Specific triggered separation anxiety is another form.  This occurs when a dog develops an association towards a specific sight, sound or smell; that caused a traumatic reaction.  Often this manifests into other areas through something known as forward chaining and by the time the owner notices the dog suffering from separation anxiety, it has morphed far from the original issue.  This type of separation anxiety usually requires a behaviorist to evaluate the dog in order to determine the cause and develop a program to resolve the reaction.

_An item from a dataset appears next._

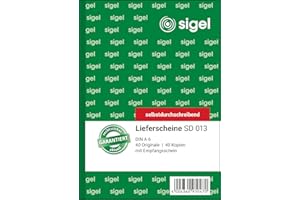 SIGEL SD013 - Biglietti di consegna A6, 2 x 40 fogli, autocopianti, in carta sostenibile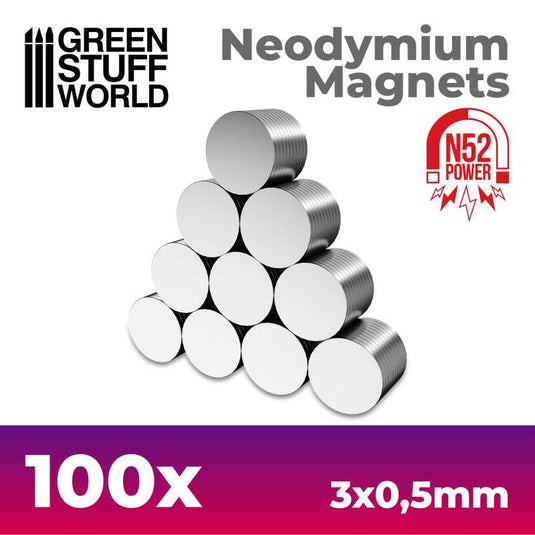 Green Stuff World Neodymium Magnets 3x0.5mm - 100 Units (N52) 9262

Another big form of separation anxiety is dominance based or lack of leadership. If your dog does not feel you are the pack leader then the job of protecting the pack falls to them. Could you imagine how you would feel if you had a young child that you are responsible for and that child walked out of the house and disappeared without you knowing where they went and if they are safe or not. This is what the dog experiences every time you leave the house when they feel they are responsible for your safety. In order to stop the anxiety the dog has to know that you are in charge and not them. While living with us in our world a dog is not capable of being in charge and only can be well behaved and happy if it is clear that you are the alpha, capable of making decisions for the pack and ensuring the safety of the pack. In the wild when the alpha wolf goes out to hunt those that stay behind do not stress over his or her leaving because they are confident in their leadership and know they will return. The alphas comings and goings are never questioned it is their right to do so and canines operate with this same mentality.

This is by No means a complete list, but as you can see from just these few examples, separation anxiety is a complex disorder that cannot be handled through a ‘cookie cutter’ approach.  A dog suffering from this requires a behaviorist to conduct a scientific evaluation to determine what type of separation anxiety is occurring and why it started, so that a Proper modification program can be developed to resolve the behavior.  Often dog’s suffering from separation anxiety display severe behavior or causes substantial damage but the issue can be resolved once the type and cause is determined. We have had many cases where dogs were set to be euthanized or re-homed due to this disorder but after a few weeks of work the situation was resolved.